You can specify a component’s sampler settings by adding the sampler by name in the materials file. If you don’t set up your sampler in the materials file, the global graphics project settings are used.

Sampler settings

For model components, you need to specify your samplers in the material file with the settings you want. The editor will then allow you to set textures for any model component that use the material:

Model samplers

-- mymodel.fp
varying mediump vec2 var_texcoord0;
uniform lowp sampler2D TEXTURE_1;
uniform lowp sampler2D TEXTURE_2;
void main()
    lowp vec4 color1 = texture2D(TEXTURE_1, var_texcoord0.xy);
    lowp vec4 color2 = texture2D(TEXTURE_2, var_texcoord0.xy);
    gl_FragColor = color1 * color2;


Sampler settings

The name of the sampler. This name should match the sampler2D declared in the fragment shader.
Wrap U/W
The wrap mode for the U and V axes:
  • WRAP_MODE_REPEAT will repeat texture data outside the range [0,1].
  • WRAP_MODE_MIRRORED_REPEAT will repeat texture data outside the range [0,1] but every second repetition is mirrored.
  • WRAP_MODE_CLAMP_TO_EDGE will set texture data for values greater than 1.0 to 1.0, and any values less than 0.0 is set to 0.0—i.e. the edge pixels will be repeated to the edge.
Filter Min/Mag
The filtering for magnification and minification. Nearest filtering requires less computation than linear interpolation, but can result in aliasing artifacts.
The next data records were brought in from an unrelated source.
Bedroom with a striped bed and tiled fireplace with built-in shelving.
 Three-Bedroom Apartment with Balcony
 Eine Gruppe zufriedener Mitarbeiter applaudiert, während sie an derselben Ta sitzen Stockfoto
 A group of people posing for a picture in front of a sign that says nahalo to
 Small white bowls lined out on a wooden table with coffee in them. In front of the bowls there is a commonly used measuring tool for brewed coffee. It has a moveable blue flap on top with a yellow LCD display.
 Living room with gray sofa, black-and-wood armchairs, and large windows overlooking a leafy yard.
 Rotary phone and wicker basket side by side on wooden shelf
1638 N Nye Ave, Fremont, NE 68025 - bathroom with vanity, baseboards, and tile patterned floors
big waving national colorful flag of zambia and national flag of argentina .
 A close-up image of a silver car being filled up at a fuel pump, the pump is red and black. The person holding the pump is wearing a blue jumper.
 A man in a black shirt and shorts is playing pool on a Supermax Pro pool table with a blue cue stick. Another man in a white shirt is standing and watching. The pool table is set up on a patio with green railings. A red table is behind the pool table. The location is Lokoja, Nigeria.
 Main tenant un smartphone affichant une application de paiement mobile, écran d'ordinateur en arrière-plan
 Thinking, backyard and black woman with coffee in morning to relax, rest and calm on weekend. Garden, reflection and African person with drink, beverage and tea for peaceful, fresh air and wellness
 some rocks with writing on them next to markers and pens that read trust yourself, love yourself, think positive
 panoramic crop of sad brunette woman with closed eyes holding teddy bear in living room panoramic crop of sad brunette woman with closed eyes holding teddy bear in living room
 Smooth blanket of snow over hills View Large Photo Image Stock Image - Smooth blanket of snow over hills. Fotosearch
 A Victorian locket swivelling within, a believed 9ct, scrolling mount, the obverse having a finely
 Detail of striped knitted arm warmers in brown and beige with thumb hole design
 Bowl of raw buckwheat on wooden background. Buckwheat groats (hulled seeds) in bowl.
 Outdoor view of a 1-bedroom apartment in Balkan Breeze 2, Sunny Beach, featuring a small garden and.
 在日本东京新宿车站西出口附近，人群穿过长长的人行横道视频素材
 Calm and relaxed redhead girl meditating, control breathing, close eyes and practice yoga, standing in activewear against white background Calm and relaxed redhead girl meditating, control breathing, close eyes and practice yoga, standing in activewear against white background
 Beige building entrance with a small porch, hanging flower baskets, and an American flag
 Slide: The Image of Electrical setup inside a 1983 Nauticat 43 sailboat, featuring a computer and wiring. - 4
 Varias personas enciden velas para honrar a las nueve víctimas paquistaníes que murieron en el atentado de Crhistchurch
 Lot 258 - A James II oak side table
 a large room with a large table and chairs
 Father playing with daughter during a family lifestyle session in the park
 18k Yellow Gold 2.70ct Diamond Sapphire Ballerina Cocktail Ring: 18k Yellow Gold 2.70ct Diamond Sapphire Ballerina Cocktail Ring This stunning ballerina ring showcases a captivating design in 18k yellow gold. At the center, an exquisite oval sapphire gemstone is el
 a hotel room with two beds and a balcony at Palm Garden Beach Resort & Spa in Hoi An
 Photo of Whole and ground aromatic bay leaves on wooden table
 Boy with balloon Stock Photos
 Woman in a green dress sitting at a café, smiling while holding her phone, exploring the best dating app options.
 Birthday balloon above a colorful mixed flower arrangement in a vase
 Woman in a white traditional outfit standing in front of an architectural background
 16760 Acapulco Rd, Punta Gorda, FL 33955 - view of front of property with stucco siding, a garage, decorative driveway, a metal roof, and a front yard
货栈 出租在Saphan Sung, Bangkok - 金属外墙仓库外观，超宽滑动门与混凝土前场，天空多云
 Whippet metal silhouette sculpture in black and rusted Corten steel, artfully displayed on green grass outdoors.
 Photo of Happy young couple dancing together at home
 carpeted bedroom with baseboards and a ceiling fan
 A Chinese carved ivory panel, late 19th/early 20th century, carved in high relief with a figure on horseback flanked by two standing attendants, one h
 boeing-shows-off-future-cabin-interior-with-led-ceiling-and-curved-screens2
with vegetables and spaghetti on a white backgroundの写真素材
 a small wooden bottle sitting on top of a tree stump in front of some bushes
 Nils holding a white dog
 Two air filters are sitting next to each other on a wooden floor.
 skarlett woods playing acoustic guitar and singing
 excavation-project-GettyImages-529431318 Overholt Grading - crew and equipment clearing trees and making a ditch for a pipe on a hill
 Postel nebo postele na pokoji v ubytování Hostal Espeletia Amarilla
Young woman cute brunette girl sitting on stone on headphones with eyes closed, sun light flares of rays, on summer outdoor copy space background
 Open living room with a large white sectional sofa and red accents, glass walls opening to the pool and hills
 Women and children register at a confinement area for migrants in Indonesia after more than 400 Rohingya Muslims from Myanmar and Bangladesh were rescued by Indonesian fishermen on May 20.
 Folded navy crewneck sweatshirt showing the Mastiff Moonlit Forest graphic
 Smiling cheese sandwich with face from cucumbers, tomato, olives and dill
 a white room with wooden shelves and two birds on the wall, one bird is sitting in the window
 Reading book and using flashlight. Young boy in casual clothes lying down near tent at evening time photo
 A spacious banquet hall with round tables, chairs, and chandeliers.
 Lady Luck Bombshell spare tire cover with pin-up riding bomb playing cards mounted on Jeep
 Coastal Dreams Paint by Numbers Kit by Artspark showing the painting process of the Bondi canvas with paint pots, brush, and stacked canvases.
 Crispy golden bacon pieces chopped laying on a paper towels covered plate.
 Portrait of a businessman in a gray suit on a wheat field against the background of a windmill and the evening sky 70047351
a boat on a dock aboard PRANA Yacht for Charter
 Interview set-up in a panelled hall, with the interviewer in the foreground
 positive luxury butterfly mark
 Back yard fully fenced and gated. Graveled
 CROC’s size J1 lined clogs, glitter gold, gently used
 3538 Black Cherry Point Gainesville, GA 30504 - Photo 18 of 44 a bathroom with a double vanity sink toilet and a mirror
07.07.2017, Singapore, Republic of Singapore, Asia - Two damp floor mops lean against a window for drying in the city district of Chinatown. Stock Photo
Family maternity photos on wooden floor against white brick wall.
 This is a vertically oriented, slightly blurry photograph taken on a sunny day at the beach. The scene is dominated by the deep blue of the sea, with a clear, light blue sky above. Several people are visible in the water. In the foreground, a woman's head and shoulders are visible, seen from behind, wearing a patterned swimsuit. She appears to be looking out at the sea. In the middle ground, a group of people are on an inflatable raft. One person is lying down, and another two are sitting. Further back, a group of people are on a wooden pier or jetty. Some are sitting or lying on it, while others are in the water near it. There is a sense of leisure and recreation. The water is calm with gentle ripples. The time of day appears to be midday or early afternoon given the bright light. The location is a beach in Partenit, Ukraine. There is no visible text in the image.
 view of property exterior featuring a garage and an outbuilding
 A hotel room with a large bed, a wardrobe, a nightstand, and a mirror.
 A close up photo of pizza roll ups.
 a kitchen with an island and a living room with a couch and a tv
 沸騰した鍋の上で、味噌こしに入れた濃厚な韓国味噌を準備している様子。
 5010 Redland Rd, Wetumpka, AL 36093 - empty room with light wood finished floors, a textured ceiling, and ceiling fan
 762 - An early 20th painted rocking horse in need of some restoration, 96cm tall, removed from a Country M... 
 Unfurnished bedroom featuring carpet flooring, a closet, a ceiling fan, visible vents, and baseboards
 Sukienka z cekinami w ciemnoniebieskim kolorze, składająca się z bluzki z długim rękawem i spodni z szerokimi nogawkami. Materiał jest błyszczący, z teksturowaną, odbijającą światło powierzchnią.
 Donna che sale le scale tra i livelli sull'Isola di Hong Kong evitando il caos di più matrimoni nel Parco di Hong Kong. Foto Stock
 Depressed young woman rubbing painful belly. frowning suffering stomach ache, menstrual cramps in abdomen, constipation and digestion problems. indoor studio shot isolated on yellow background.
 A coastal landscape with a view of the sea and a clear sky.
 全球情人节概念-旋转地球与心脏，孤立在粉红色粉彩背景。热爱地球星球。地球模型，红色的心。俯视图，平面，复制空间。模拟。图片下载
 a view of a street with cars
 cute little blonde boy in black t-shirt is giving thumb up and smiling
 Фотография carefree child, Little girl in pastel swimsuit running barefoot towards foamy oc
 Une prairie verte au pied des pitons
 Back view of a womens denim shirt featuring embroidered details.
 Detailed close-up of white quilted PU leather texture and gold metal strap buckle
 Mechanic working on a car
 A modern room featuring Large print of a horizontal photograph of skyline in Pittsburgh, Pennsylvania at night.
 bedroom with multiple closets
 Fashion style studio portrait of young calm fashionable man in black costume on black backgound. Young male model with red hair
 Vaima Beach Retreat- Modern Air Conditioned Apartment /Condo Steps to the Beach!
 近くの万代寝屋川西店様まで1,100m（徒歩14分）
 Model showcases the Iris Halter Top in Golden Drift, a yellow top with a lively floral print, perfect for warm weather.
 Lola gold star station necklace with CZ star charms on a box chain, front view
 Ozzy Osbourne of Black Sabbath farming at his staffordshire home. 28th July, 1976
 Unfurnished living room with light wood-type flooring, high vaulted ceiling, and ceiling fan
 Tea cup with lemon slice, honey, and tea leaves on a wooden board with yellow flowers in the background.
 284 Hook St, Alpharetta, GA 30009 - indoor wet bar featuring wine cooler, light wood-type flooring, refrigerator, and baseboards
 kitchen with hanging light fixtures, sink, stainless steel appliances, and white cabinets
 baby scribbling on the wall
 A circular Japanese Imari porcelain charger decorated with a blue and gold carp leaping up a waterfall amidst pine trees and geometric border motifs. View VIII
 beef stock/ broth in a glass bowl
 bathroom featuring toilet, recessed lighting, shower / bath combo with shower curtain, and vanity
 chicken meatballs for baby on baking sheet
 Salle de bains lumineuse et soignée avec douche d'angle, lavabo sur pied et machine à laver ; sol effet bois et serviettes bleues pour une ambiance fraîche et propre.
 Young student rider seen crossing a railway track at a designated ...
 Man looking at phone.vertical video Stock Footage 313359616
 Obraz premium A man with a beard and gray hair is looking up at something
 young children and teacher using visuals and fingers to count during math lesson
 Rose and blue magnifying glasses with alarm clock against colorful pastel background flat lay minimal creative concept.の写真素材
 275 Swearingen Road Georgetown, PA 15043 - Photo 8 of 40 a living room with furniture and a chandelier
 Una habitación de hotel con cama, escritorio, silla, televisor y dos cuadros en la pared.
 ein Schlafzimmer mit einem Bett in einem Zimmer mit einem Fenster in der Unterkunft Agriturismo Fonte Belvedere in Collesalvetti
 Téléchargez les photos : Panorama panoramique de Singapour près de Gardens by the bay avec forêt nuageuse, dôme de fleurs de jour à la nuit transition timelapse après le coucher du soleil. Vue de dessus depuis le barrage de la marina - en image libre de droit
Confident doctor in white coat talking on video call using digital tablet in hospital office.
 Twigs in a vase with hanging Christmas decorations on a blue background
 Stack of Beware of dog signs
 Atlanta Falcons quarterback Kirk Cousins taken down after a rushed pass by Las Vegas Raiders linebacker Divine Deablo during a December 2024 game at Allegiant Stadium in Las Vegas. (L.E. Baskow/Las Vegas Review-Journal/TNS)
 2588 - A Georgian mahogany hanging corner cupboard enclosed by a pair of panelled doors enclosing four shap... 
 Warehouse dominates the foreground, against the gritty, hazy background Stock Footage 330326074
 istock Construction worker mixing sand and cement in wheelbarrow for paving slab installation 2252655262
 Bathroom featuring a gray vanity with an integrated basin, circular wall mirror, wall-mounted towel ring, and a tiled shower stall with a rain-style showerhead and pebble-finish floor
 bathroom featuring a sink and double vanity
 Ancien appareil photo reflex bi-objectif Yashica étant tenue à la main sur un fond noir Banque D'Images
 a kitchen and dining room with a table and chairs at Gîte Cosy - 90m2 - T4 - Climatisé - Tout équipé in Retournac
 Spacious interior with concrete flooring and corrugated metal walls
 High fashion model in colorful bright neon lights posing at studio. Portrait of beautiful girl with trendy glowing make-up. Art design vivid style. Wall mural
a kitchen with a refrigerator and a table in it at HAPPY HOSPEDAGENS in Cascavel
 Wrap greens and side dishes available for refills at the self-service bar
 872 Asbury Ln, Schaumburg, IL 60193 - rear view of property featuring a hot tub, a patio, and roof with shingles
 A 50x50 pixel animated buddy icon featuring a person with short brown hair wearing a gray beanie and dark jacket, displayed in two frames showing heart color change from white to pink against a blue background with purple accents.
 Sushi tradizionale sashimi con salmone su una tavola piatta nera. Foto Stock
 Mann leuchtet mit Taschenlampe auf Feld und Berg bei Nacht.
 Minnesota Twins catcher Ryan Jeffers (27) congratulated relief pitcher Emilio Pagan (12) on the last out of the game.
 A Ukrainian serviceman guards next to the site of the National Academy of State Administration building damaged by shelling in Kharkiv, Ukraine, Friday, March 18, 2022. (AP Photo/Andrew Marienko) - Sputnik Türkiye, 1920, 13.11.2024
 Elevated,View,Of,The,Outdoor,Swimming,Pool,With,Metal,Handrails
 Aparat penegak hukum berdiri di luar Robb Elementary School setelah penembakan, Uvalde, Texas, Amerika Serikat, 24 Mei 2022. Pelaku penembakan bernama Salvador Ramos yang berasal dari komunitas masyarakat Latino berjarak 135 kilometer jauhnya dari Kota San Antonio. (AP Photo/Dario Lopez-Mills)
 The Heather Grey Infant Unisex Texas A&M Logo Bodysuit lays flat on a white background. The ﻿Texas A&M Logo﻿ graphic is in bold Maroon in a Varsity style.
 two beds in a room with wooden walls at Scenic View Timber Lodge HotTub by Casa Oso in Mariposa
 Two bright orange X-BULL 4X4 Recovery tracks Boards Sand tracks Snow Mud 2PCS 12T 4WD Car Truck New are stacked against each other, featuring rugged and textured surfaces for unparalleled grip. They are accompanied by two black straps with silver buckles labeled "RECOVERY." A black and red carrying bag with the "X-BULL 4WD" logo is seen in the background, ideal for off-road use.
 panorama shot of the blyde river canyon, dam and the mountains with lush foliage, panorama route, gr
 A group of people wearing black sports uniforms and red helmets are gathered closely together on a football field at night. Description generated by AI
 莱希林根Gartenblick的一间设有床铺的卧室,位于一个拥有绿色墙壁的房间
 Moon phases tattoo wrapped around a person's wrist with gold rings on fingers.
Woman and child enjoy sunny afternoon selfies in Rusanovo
Linear interpolation often provides smoother results:
  • FILTER_MODE_NEAREST uses the texel with coordinates nearest the center of the pixel.
  • FILTER_MODE_LINEAR sets a weighted linear average of the 2x2 array of texels that lie nearest to the center of the pixel.
  • FILTER_MODE_NEAREST_MIPMAP_NEAREST chooses the nearest texel value within an individual mipmap.
  • FILTER_MODE_NEAREST_MIPMAP_LINEAR selects the nearest texel in the two nearest best choices of mipmaps and then interpolates linearly between these two values.
  • FILTER_MODE_LINEAR_MIPMAP_NEAREST interpolates linearly within an individual mipmap.
  • FILTER_MODE_LINEAR_MIPMAP_LINEAR uses linear interpolation to compute the value in each of two maps and then interpolates linearly between these two values.
Max Anisotropy
Anisotropic filtering is an advanced filtering technique that takes multiple samples, blending the results together. This setting controls the level of anisotropy for the texture samplers. If anisotropic filtering is not supported by the GPU the parameter will not do anything, and it will be set to 1 as default.

Constants buffers

When the rendering pipeline draws, it pulls constant values from a default system constants buffer. You can create a custom constants buffer to override the default constants and instead set shader program uniforms programmatically in the render script:

self.constants = render.constant_buffer() -- <1>
self.constants.tint = vmath.vector4(1, 0, 0, 1) -- <2>
render.draw(self.my_pred, {constants = self.constants}) -- <3>
  1. Create a new constants buffer
  2. Set the tint constant to bright red
  3. Draw the predicate using our custom constants

Note that the buffer’s constant elements are referenced like an ordinary Lua table, but you can’t iterate over the buffer with pairs() or ipairs().